== Supplied records ==
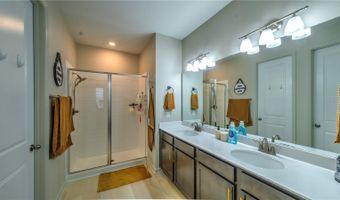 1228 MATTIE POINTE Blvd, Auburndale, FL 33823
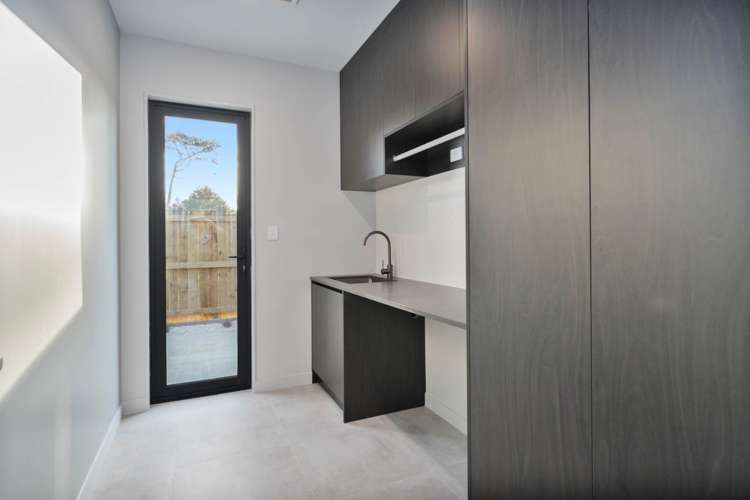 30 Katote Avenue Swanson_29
===
== Supplied records ==
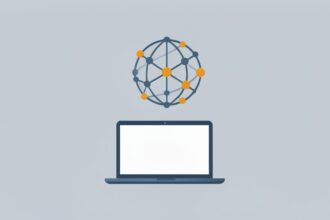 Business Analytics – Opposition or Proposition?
===
Pictures are to be left out. Write out only the lines above starting at the one with "1228 MATTIE POINTE" and ending at the one with "30 Katote Avenue Swanson_29", both lines included, exactly.

 1228 MATTIE POINTE Blvd, Auburndale, FL 33823
 30 Katote Avenue Swanson_29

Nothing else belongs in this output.